**WHAT YOU HAVE TO DO:** Using the material below, print a verbatim copy of every line from the one containing "Pierre Angenieux RETRO-ZOOM" through the one containing "Hinchas de Universitario", inclusive, and omit the pictures.

Top of TASK MATERIAL

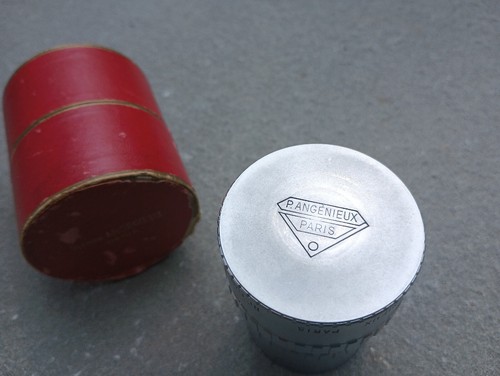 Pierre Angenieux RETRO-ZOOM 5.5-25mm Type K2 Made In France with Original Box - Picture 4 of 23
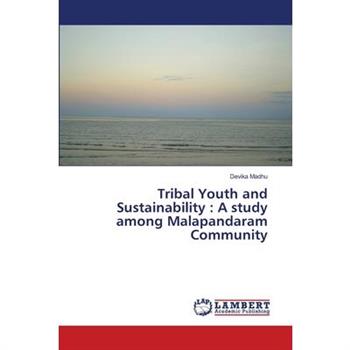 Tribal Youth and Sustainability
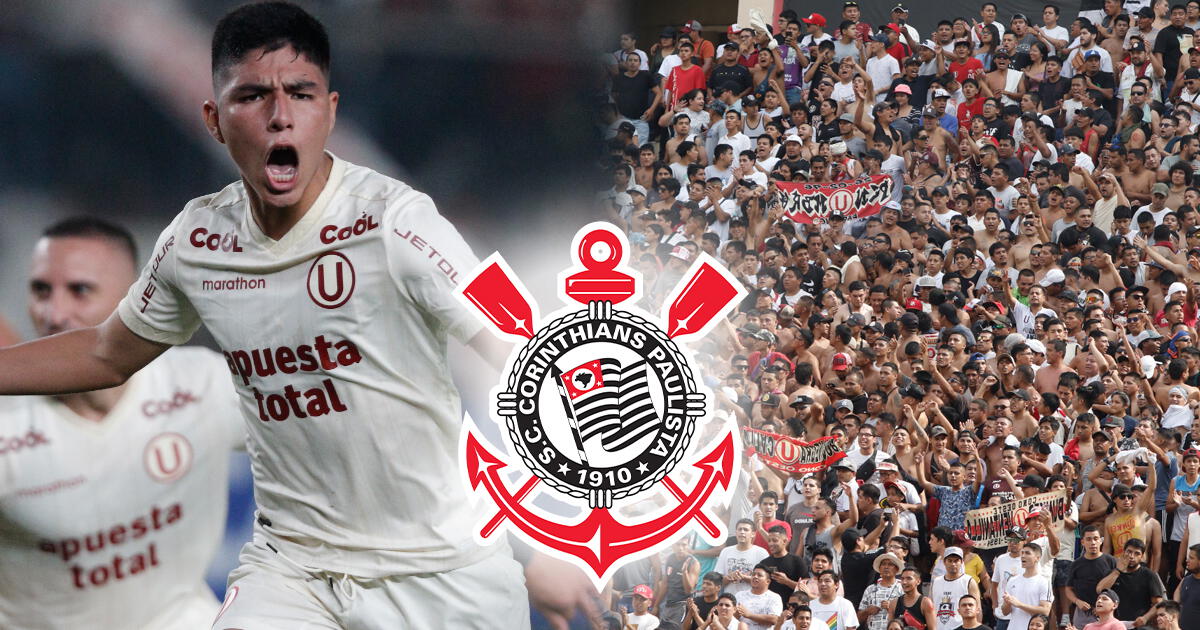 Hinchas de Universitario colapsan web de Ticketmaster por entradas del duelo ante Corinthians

Bottom of TASK MATERIAL
Top of TASK MATERIAL

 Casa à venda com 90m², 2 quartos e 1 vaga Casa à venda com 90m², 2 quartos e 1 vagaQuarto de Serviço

Bottom of TASK MATERIAL

**FINISHED TASK:**
 Pierre Angenieux RETRO-ZOOM 5.5-25mm Type K2 Made In France with Original Box - Picture 4 of 23
 Tribal Youth and Sustainability
 Hinchas de Universitario colapsan web de Ticketmaster por entradas del duelo ante Corinthians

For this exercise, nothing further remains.